Di hadapan sivitas akademika ITS, Menteri Jumhur mengekspresikan kekagumannya atas keberhasilan berbagai riset terapan yang langsung menyasar akar permasalahan ekologis di masyarakat. "Saya senang berkesempatan bersilaturahmi dan bisa menyaksikan beberapa keberhasilan dari Kampus ITS terkait dengan upaya mengatasi masalah lingkungan”.
Salah satu inovasi yang mendapat sorotan utama adalah pengembangan budi daya maggot. Larva pengurai ini terbukti efektif menjadi solusi ganda dalam tata kelola sampah modern. Selain berfungsi sebagai pakan ternak bernutrisi tinggi, maggot juga memiliki kemampuan biologis untuk membantu mengurai material yang selama ini menjadi momok lingkungan, seperti sampah plastik.
"Dengan budi daya magot ini bisa dikategorikan sebagai upaya melakukan zero waste," tegas Menteri Jumhur.
Selain maggot, apresiasi tinggi juga diberikan pada teknologi pengolahan sampah organik ITS Compostech. Alat komposter inovatif ini mampu memangkas waktu pengomposan menjadi kurang dari 10 jam. Keunggulan ini dinilai sangat strategis untuk diaplikasikan secara masif di kawasan-kawasan dengan volume sampah harian yang tinggi, seperti destinasi wisata maupun pusat perhotelan perkotaan.
Ke depan, KLH/BPLH memproyeksikan teknologi komposter ini untuk ditingkatkan kapasitasnya agar mampu memproduksi pelet biomassa pengganti batu bara berbahan dasar sampah organik. Inovasi ini diyakini mampu menyediakan suplai energi alternatif bagi sektor industri yang selama ini bergantung pada batu bara, sekaligus menjadi solusi pengolahan limbah sisa makanan dari dapur-dapur program Makan Bergizi Gratis (MBG).

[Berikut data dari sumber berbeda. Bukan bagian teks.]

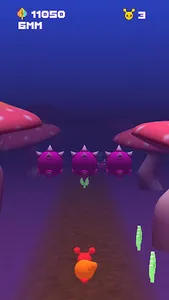 Snaileeyo Run screenshot 8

Tidak kalah menarik, Menteri Jumhur juga menyaksikan secara langsung keberhasilan mahasiswa ITS dalam menciptakan perangkat lunak (software) aplikasi pengelola sistem ekonomi sirkular. Aplikasi ini dirancang untuk menyajikan transparansi penuh mengenai alur produk ekonomi sirkular di tengah masyarakat.
"Sistem itu bisa menggambarkan seluruh sirkular ekonomi. Jadi bisa terlihat dari aplikasi ini bahwa siapa yang memproduksi produk ekonomi sirkular dan bagaiman proses produksinya dari awal hingga akhir bisa digunakan masyarakat," pungkas Menteri Jumhur.
Kunjungan Menteri Jumhur ke ITS Surabaya menegaskan bahwa inovasi anak bangsa adalah kunci utama dalam menjawab tantangan krisis lingkungan dan membuka peluang green jobs.
KLH/BPLH sangat berharap agar berbagai praktik baik dan terobosan teknologi hijau yang lahir di ITS ini dapat terus dikembangkan, ditingkatkan skalanya, dan direplikasi secara luas. Mari jadikan karya-karya inovatif ini sebagai inspirasi serta teladan bagi kampus-kampus dan institusi pendidikan lainnya di seluruh penjuru negeri. Sudah saatnya gelombang kolaborasi riset ramah lingkungan digalakkan secara masif demi mewujudkan tata kelola bumi yang berkelanjutan dan masa depan Indonesia yang lebih hijau.